278(2)A notice or document sent in accordance with subsection (1) shall be deemed to have been received by the person entitled to receive notice at the time it would be delivered in the ordinary course of mail unless there are reasonable grounds for believing that the person did not receive the notice or document at that time or at all.
278(3)If a credit union sends a notice or document to a person in accordance with subsection (1) and the notice or document is returned on two consecutive occasions because the person cannot be found, the credit union is not required to send any further notices or documents to the person until it is informed in writing of that person’s new address.
278(4)If the by-laws of a credit union provide for the giving of a notice to its members under subsection (1) by insertion of the notice in a newspaper or other publication, the notice shall be deemed to have been received by the members at the time the publication containing the notice is distributed in the ordinary course.
278(5)If the by-laws of a credit union provide for the giving of a notice to its members under subsection (1) by posting the notice in a specified place, the notice shall be deemed to have been received by the members at the time the notice is posted.

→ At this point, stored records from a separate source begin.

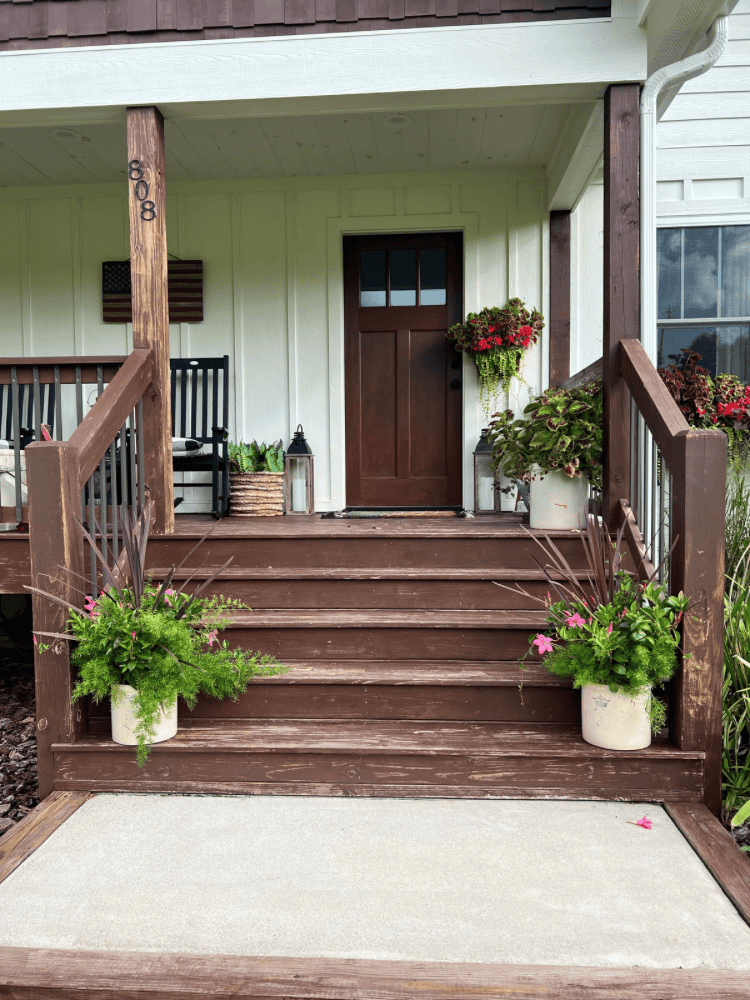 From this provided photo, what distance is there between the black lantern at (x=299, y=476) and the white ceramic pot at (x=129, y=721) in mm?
2386

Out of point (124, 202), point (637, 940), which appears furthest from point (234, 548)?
point (124, 202)

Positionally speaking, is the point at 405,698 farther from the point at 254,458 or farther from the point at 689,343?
the point at 689,343

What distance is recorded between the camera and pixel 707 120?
4.32 metres

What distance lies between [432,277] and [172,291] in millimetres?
1647

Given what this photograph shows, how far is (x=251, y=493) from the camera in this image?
423cm

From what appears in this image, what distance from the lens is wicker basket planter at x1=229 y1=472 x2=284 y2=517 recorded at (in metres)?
4.22

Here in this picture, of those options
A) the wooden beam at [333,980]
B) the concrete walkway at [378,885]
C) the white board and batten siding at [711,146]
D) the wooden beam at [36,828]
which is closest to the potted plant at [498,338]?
the white board and batten siding at [711,146]

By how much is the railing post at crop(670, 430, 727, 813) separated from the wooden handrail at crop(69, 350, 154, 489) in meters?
1.87

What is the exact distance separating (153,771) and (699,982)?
148cm

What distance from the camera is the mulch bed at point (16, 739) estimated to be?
2.41m

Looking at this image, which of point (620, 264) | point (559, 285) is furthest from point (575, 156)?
point (620, 264)

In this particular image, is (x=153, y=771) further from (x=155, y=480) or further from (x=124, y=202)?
(x=124, y=202)

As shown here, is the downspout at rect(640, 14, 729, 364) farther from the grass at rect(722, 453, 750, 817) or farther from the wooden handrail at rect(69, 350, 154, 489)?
the wooden handrail at rect(69, 350, 154, 489)

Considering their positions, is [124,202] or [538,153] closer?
[538,153]
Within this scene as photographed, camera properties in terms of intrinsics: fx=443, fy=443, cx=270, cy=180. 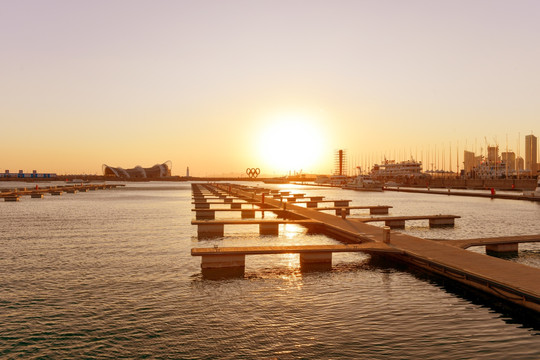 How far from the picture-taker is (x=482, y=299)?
15242 mm

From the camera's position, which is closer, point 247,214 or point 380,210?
point 247,214

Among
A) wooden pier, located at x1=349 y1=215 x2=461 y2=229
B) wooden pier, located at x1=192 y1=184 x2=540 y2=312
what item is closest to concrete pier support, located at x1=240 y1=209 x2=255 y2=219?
wooden pier, located at x1=349 y1=215 x2=461 y2=229

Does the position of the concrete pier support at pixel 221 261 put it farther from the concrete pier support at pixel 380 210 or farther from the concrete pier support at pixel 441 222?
the concrete pier support at pixel 380 210

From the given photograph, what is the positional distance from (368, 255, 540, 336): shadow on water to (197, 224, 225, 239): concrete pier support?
14.7 m

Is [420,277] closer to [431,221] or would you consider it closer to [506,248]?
[506,248]

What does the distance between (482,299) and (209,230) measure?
21140mm

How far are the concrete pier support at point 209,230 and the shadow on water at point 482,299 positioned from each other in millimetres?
14672

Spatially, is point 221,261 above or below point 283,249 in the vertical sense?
below

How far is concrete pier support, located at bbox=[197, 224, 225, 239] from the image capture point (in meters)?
32.2

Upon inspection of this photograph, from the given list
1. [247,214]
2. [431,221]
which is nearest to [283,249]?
[431,221]

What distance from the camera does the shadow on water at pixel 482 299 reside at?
43.3 feet

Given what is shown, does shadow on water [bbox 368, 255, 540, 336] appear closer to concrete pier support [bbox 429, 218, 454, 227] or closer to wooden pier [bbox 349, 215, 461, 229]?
wooden pier [bbox 349, 215, 461, 229]

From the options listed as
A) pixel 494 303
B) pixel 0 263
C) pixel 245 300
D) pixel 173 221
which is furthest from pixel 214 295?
pixel 173 221

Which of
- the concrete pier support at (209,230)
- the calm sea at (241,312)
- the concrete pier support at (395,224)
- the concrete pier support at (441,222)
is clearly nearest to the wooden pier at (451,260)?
the calm sea at (241,312) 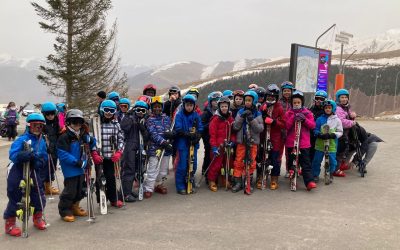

2010, c.36, s.84; 2016, c.10, s.113
Notice to and service on a credit union
279A notice or document required to be sent to or served on a credit union may be sent by registered mail to its registered office as shown in the last notice filed with the Superintendent and, if so sent, shall be deemed to have been received or served at the time it would be delivered in the ordinary course of mail unless there are reasonable grounds for believing that the credit union did not receive the notice or document at that time or at all.
2010, c.36, s.85; 2016, c.10, s.114
Waiver of notice
280Where a notice or document is required by this Act to be given or sent, the giving or sending of it may be waived or the time for the giving or sending of it may be waived or abridged at any time with the consent in writing of the person entitled to it.
Certificate of Superintendent
281(1)Where this Act requires or authorizes the Superintendent to issue a certificate or to certify any fact, the certificate shall be signed by the Superintendent or a person appointed under subsection 290(2) to act in the Superintendent’s absence.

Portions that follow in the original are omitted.